Des constellations étincelantes brillaient au-dessus du Disque-monde. L’un après l’autre les boutiquiers fermèrent leurs devantures. L’un après l’autre les gonocoquins, voleurs, crocheteurs, prostituées, manipulateurs, relapses et monte-en-l’air se réveillèrent et prirent leur petit-déjeuner. Les mages vaquèrent à leurs affaires polydimensionnelles. Ce soir-là, deux planètes majeures entraient en conjonction, et les premiers sortilèges embrumaient déjà l’atmosphère au-dessus du quartier des Mages.

« Écoute, fit Rincevent, ça n’avance à rien. » Il se déplaça de quelques centimètres en crabe. Le Bagage le suivit fidèlement, le couvercle entrebâillé, menaçant. Le mage songea l’espace d’un instant se mettre hors d’atteinte d’un bond désespéré. Le Bagage clappa du couvercle d’avance.

De toute façon, se dit Rincevent la mort dans l’âme, cette saleté le suivrait quand même. C’est qu’elle avait l’air tenace. Même s’il réussissait à se trouver un cheval, le mage avait la désagréable impression que le coffre ne lâcherait pas sa piste. Jamais. Il traverserait les fleuves et les océans à la nage. Se rapprocherait un peu plus chaque nuit, pendant que lui serait obligé de faire halte pour dormir. Et un jour, dans une ville exotique, à des années d’ici, il entendrait des centaines de petits pieds galoper sur la route dans son dos…

« Tu te trompes de gars ! gémit-il. C’est pas de ma faute ! C’est pas moi qui l’ai kidnappé ! »

Le Bagage s’avança légèrement. Il ne restait plus maintenant qu’une étroite bande de jetée graisseuse entre les talons de Rincevent et le fleuve. Un éclair de prescience l’informa que le coffre arriverait à nager plus vite que lui. Il évita d’imaginer à quoi ressemblait une noyade dans l’Ankh.

« Il continuera tant que t’auras pas cédé, tu sais », fit une petite voix sur le ton de la conversation.

Rincevent baissa les yeux sur l’iconographe qui lui pendait toujours autour du cou. La trappe était ouverte et l’homoncule, appuyé contre l’encadrement, fumait une pipe en suivant la scène d’un œil amusé.

« Tu y passeras avec moi, au moins », fit Rincevent, les dents serrées.

Le diablotin se retira la pipe de la bouche. « Qu’est-ce que tu dis ?

— Je dis que tu y passeras avec moi, merde !

— Comme tu veux. » Le diablotin tapota la paroi de sa boîte d’un air entendu. « On verra bien qui coulera le premier. »

Le Bagage bâilla et s’avança d’un petit centimètre.

« Bon, d’accord, fit Rincevent avec irritation.
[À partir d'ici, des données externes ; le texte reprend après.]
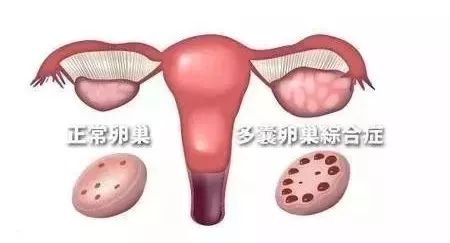 痤疮的形成原理示意图_痤疮形成阶段示意图(3)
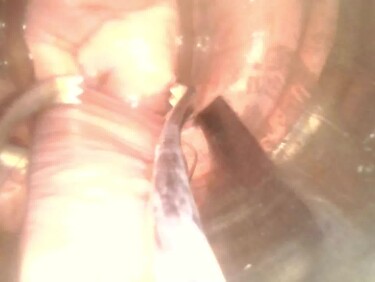 無修正FC2 PPV 4867433 -B ももかちゃん危険日子宮拡張　本気の妊活＃７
Mais faut me laisser le temps de réfléchir. »

Le Bagage recula lentement. Rincevent regagna prudemment un lieu un peu plus sûr et s’assit, le dos contre un mur. De l’autre côté du fleuve, les lumières d’Ankh luisaient.

« T’es un mage, dit le diablotin imagier. Tu vas bien trouver un moyen de lui remettre la main dessus.

— Je ne vaux pas lourd comme mage, j’en ai peur.

— Tu peux sauter sur le dos des gens et les changer en vers de terre, ajouta l’autre d’un ton encourageant en ignorant sa dernière remarque.

— Non. La Transformation en Animaux, c’est un sortilège de huitième niveau. Je n’ai même pas fini mes études. Je ne connais qu’un seul sortilège.

— Eh ben, ça ira.

— Ça m’étonnerait, fit Rincevent au désespoir.

— Il fait quoi, alors, ce sortilège ?

— Peux pas te le dire. Tiens pas vraiment à en parler. Mais franchement, soupira-t-il, les sortilèges, ça n’est guère intéressant. Il faut trois mois pour en retenir même un simple, et une fois qu’on s’en est servi, pouf ! y en a plus. C’est ce qui est tellement idiot dans ces histoires de magie, tu vois. Tu passes vingt ans à apprendre le sortilège qui fait apparaître des vierges nues dans ta chambre, et tu t’es tellement intoxiqué aux vapeurs de mercure et usé les yeux à lire des vieux grimoires que tu n’arrives pas à te rappeler ce qu’il faut en faire après.